The question is not one of "surrendering" national sovereignty. The problem is not negative and does not involve giving something up we already have. The problem is positive, creating something we lack, but imperatively need: the extension of law and order into another field of human association which heretofore has remained unregulated and in anarchy. Emery Reves, The Anatomy of Peace

I had my 80th birthday last May. When Emery Reves' book The Anatomy of Peace was first published in the UK (as a Penguin Special in 1945) I was 16. I devoured that book. At last someone was talking sense. The European war had just ended. After five years living through the blitz and the doodlebugs and the rockets (our home was a couple of miles from Northolt aerodrome just outside London), here was someone telling us what we had to do if we wanted to put paid to this kind of barbarism.
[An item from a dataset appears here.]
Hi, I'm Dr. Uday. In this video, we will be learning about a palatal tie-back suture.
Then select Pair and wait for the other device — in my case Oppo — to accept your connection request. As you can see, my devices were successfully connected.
We thought we knew better than Reves. We created the United Nations with  a Security Council having, as its permanent members, the main powers who had defeated Hitler. Surely they would see us right? What idiots we were! In no time the former allies were at each other's throats and we had a cold war. The resulting nuclear arms race still threatens to be our undoing. If it prevented WW3 - just - it did nothing to prevent a disgusting trade in arms which fuelled endless little wars, which slaughtered endless little people. The latest applicants to join the nuclear club do nothing to boost confidence in the future.

Our thoughts continue to be haunted by Afghanistan. It is dreadful to picture young men - some only just 18 - being blown apart by IEDs which defy modern weaponry. Iraq is also tragic, having suffered the worst atrocity since 2007 last month ( October 25).

When Bush responded to 9/11 by declaring a "war on terror" I had a nasty feeling this would soon translate into a war against a specific country in spite of the fact that no country can simply be designated "Terror". Thus came the wars in Iraq and Afghanistan, neither of them winnable because neither are the real targets.

The USA and UK are the main inheritors of the Bush-Blair legacy. It is devoutly to be hoped that President Obama and PM Brown will, at the earliest opportunity, re-define their goals. If they and all other well-intentioned national or federal rulers will now declare themselves wholeheartedly in favour of transforming the UN into a genuine global government with, amongst other things, absolute sovereignty in all matters relating to global security, there may yet be time to take the one step which could set us firmly on the path to peace and economic and environmental health.

This is obviously a massive step to take and one which will involve a huge shift in our thinking. Old style patriotism (which was often simply tribalism writ large) needs to give place to a fervent globalism, a real love of the planet without the health and support of which none of us can survive for a minute. This is the only banner under which every man jack of us can proudly march. If national armies are given over to global control, all legal military force  prevented from engaging in warfare but dedicated to peacekeeping and the protecting of the inalienable rights of every human being, does this seem to be hoping too much?

Time is running out very rapidly. If we are not now determined to pull ourselves together and do something sensible for a change, we are most unlikely to be given another chance.

Educationists need to realise that there are more pressing matters than knowing our maths or our geography. Such things might be useful for compiling school league tables, but they show no sign of making enough students aware of the unprecedented global crisis looming over us or the scale of the measures which have to be implemented within the next decade if we are to have a ghost of a chance of healing the wounds we have inflicted on the planet.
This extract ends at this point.